4.13 P-values

Choosing a significance level is somewhat arbitrary. What did we choose 5%?

Perhaps more importantly, we are essentially throwing away a lot of information if we are to reduce the information from standard errors/t-statistics to a binary “reject” or “fail to reject”.

One alternative is to report a p-value. A p-value is the probability of observing a t-statistic as “extreme” as we did if \(H_0\) were true.

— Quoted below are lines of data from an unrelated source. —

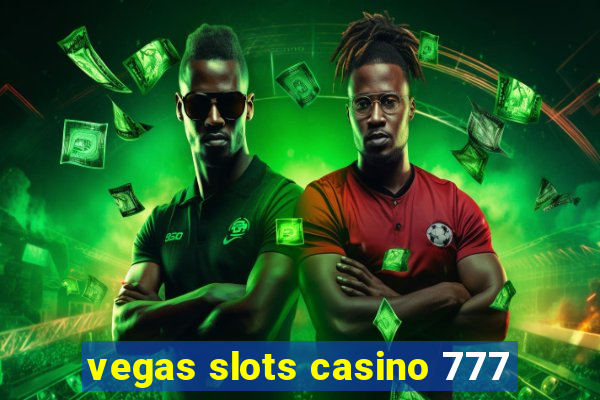 vegas slots casino 777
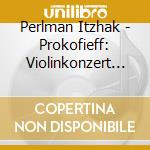 Perlman Itzhak - Prokofieff: Violinkonzert Und Sonaten cd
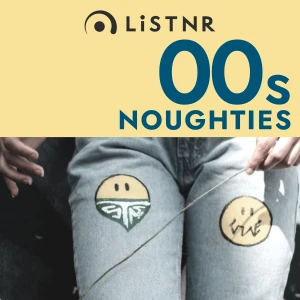 LiSTNR Noughties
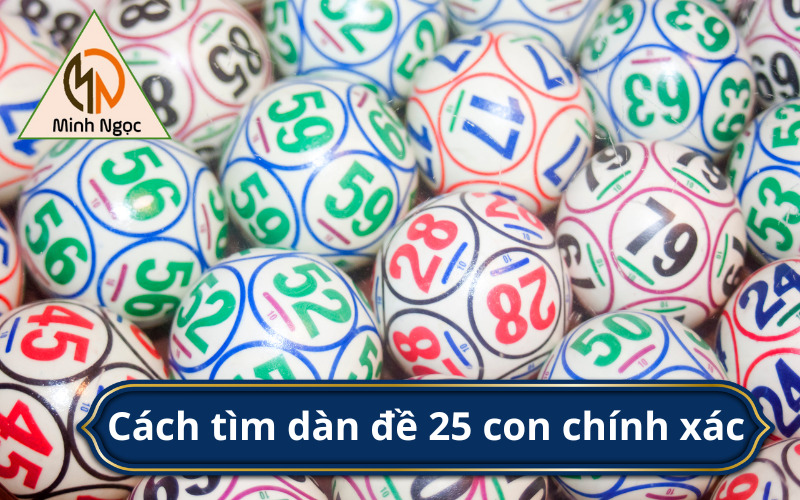 Cách tìm dàn đề 25 con chính xác 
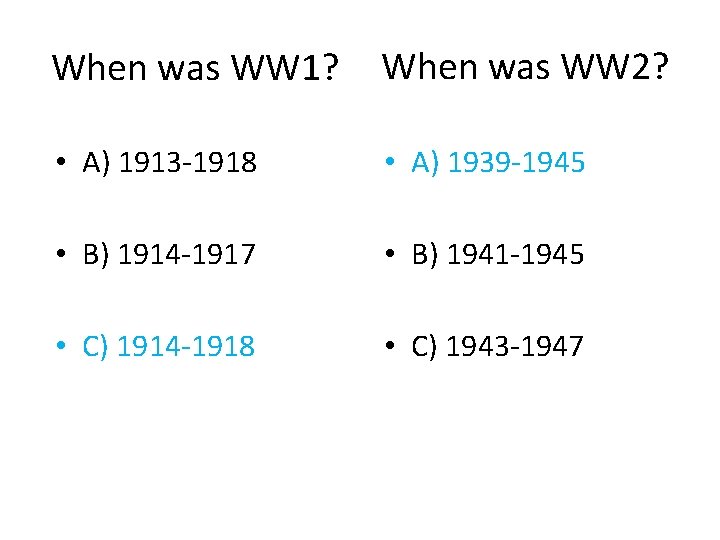 When was WW 1? When was WW 2? • A) 1913 -1918 • A)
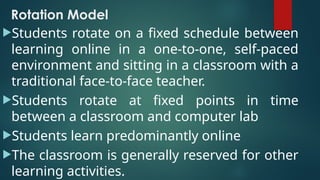 Rotation Model
Students rotate on a fixed schedule between
learning online in a one-to-one, self-paced
environment and sitting in a classroom with a
traditional face-to-face teacher.
Students rotate at fixed points in time
between a classroom and computer lab
Students learn predominantly online
The classroom is generally reserved for other
learning activities.
 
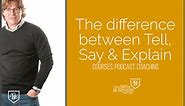 The Difference Between Say, Tell and Explain - The Art of Business English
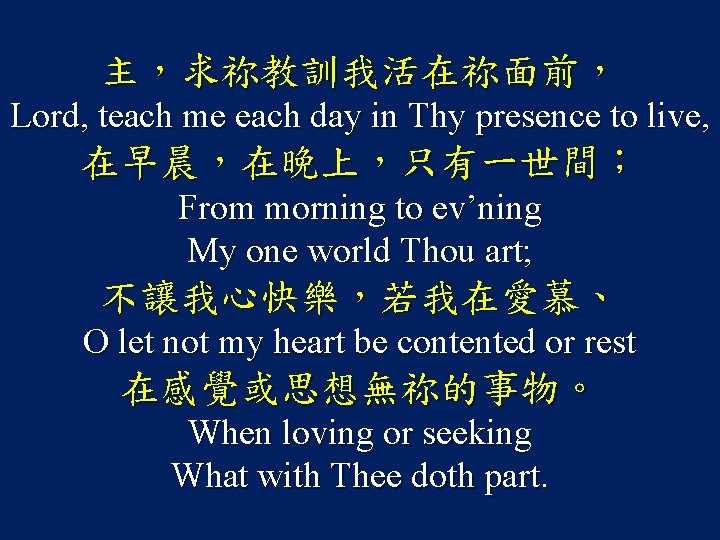 主，求祢教訓我活在祢面前， Lord, teach me each day in Thy presence to live, 在早晨，在晚上，只有一世間； From morning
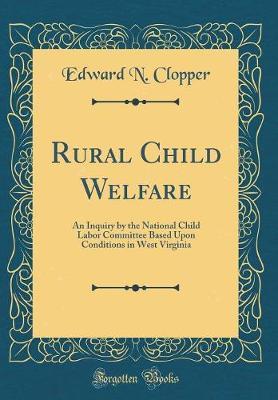 Rural Child Welfare by Edward N. Clopper image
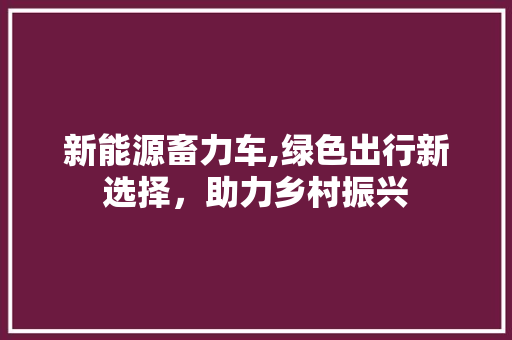 新能源畜力车,绿色出行新选择，助力乡村振兴 混合动力车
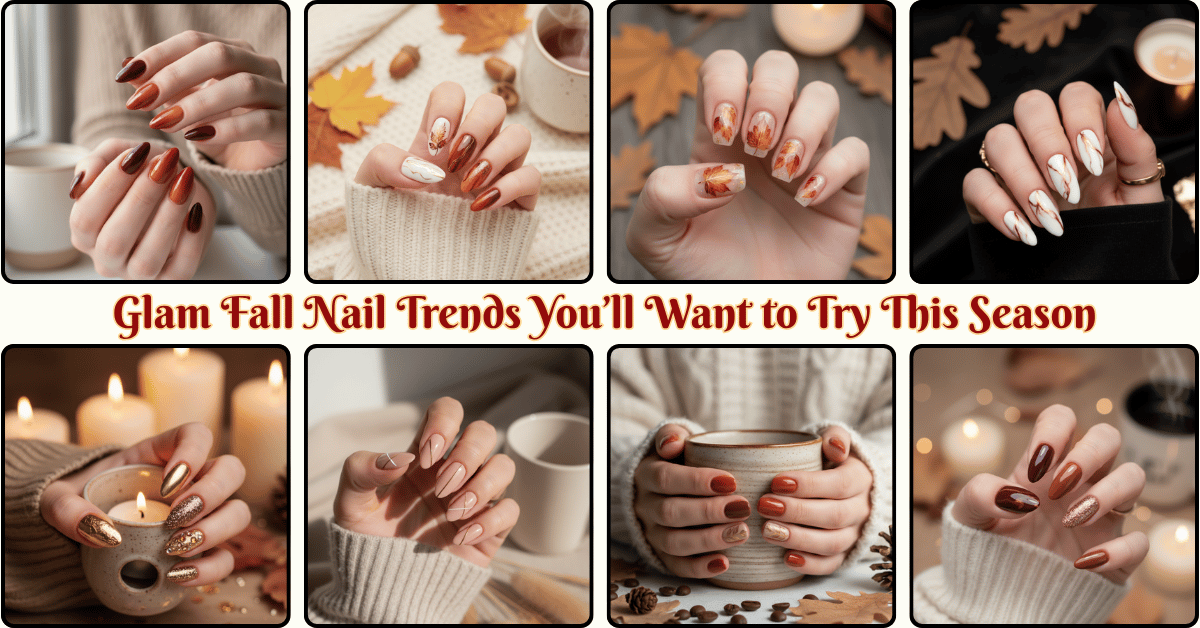 Glam Fall Nail Trends You’ll Want to Try This Season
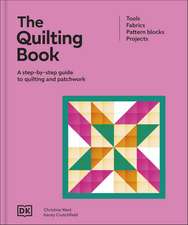 The Quilting Book: A Step-by-step Guide to Quilting and Patchwork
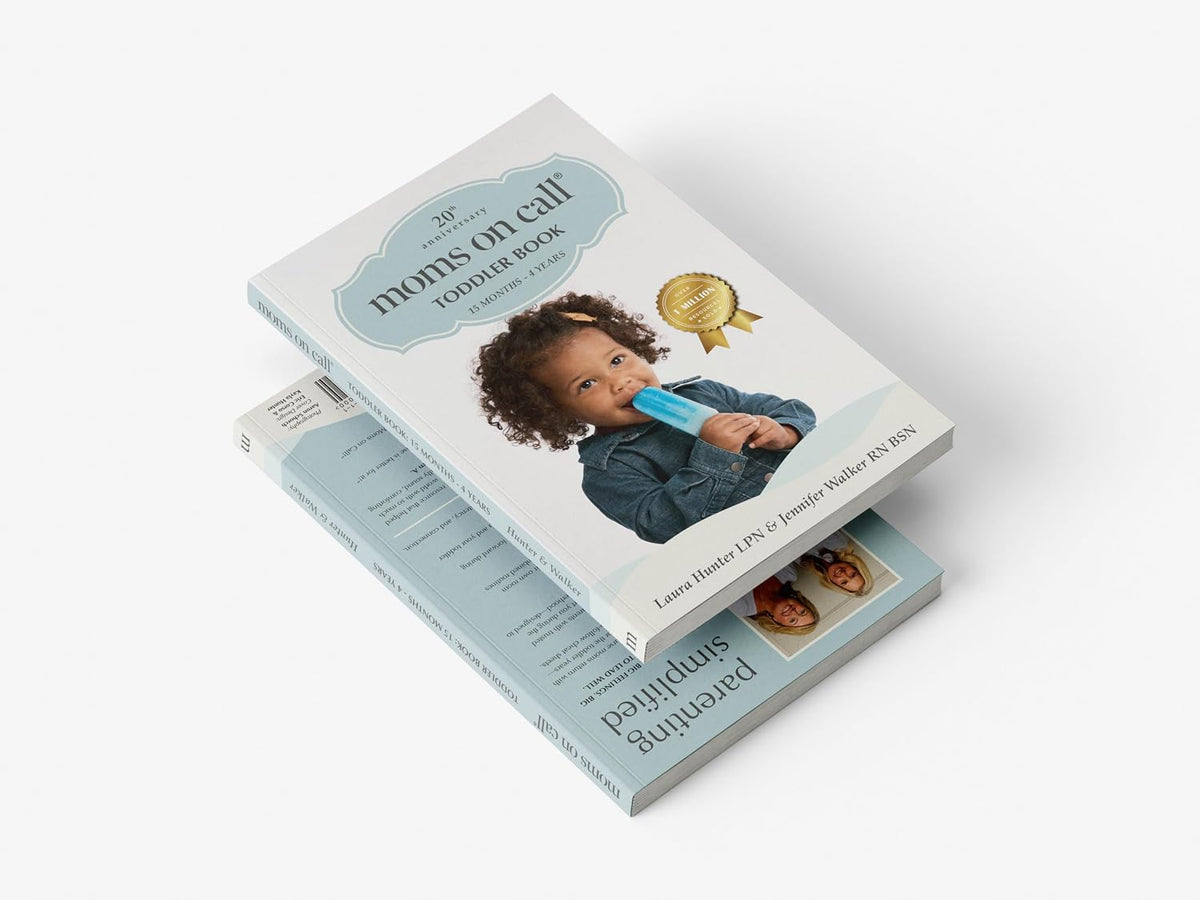 Moms on Call Toddler Book 15 Months-4 Years - Toddler Parenting Book for Ages 1-3: Routines, Behavior & Potty Training - 20th Anniversary Edition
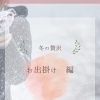 冬の贅沢【お出かけ編】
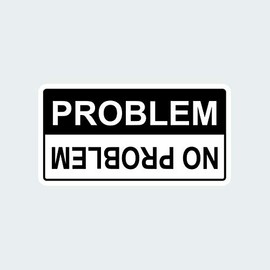fagraphix Problem No Problem Warning Sticker Decal Self Adhesive sxs ATV utv Off Road overlanding 1.25" Wide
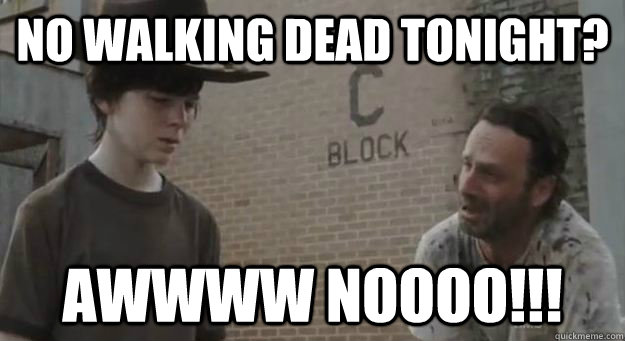 No Walking Dead tonight? awwww NOOOO!!! - No Walking Dead tonight? awwww NOOOO!!!  Crying Rick Grimes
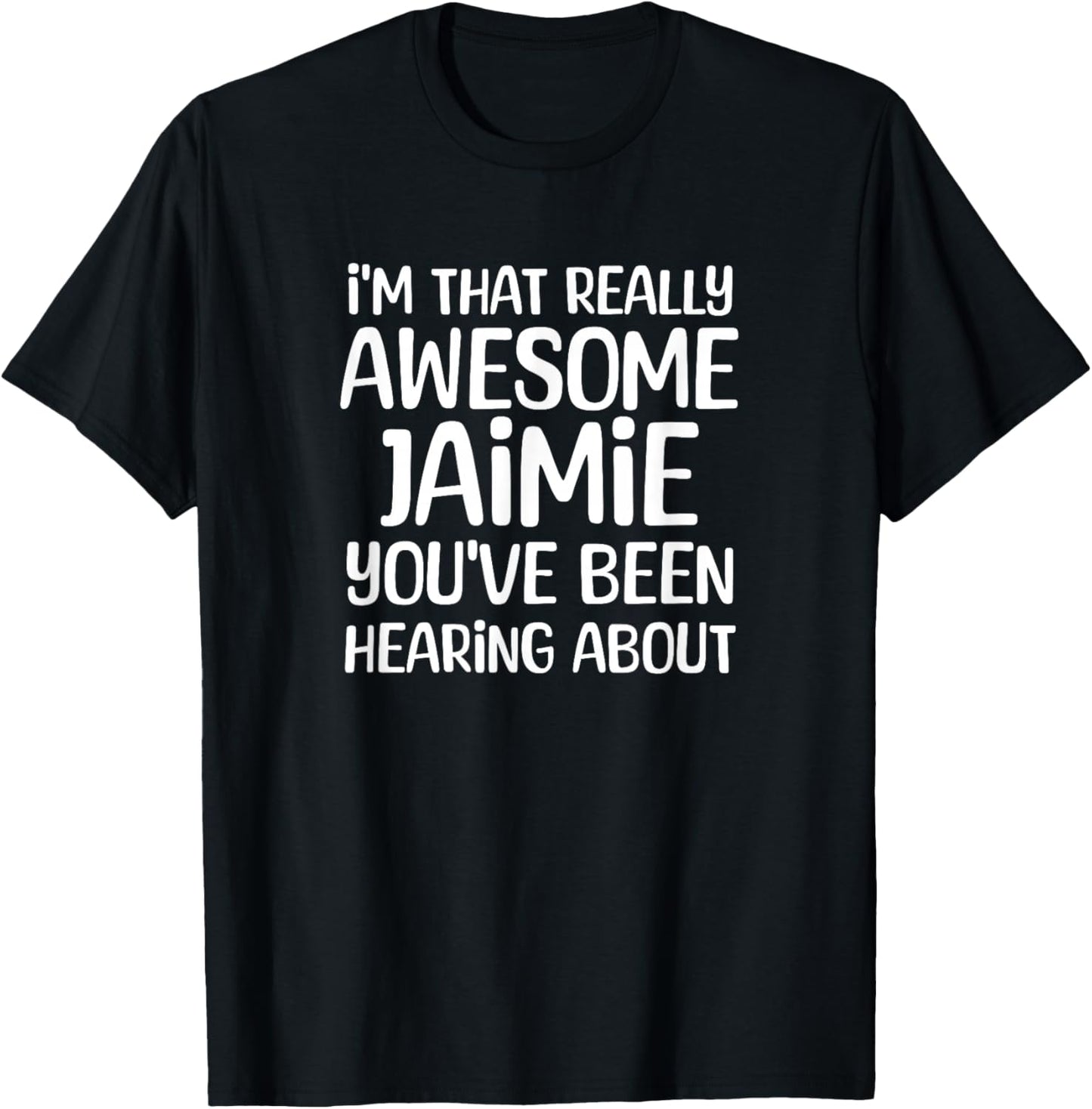 I'm That Really Awesome Jaimie Been Hearing About T-Shirt - T-Shirt | Black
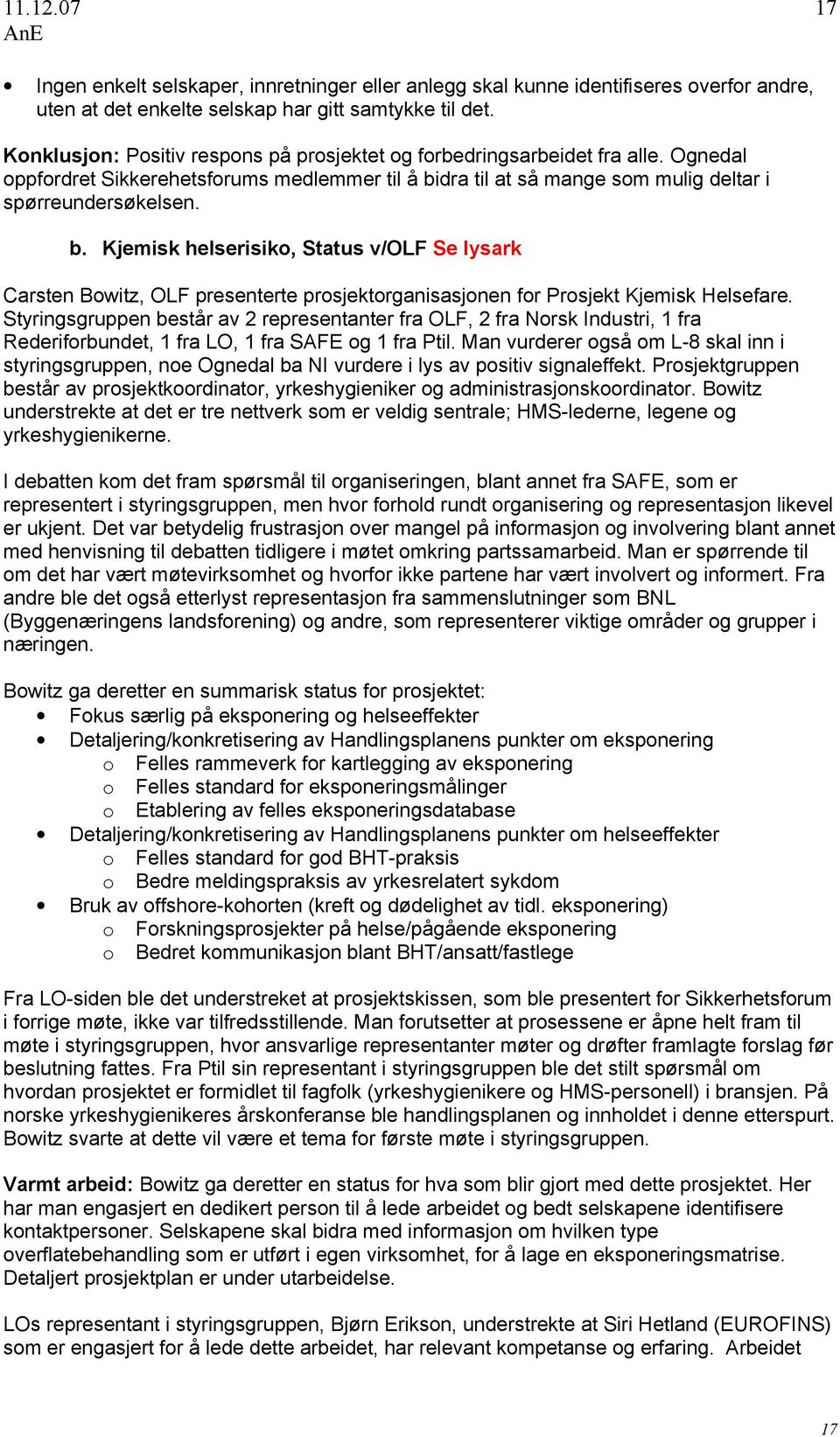 dra til at så mange som mulig deltar i spørreundersøkelsen. b. Kjemisk helserisiko, Status v/olf Se lysark Carsten Bowitz, OLF presenterte prosjektorganisasjonen for Prosjekt Kjemisk Helsefare.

Here is an example of how to calculate a p-value. Suppose we calculate \(t=1.85\). Then,

Then, under \(H_0\), the probability of getting a t-statistic “as extreme” as 1.85 corresponds to the area of the two shaded regions above. In other words, we need to to compute

\[ \textrm{p-value} = \mathrm{P}(Z \leq -1.85) + \mathrm{P}(Z \geq 1.85) \] where \(Z \sim N(0,1)\). One thing that is helpful to notice here is that, a standard normal random variable is symmetric. This means that \(\mathrm{P}(Z \leq -1.85) = \mathrm{P}(Z \geq 1.85)\). We also typically denote the cdf of a standard normal random variable with the symbol \(\Phi\). Thus,

\[ \textrm{p-value} = 2 \Phi(-1.85) \] I don’t know what this is off the top of my head, but it is easy to compute from a table or using R. In R, you can use the function pnorm — here, the p-value is given by 2*pnorm(-1.85) which is equal to 0.064.

More generally, if you calculate a t-statistic, \(t\), using your data and under \(H_0\), then,

\[ \textrm{p-value} = 2 \Phi(-|t|) \]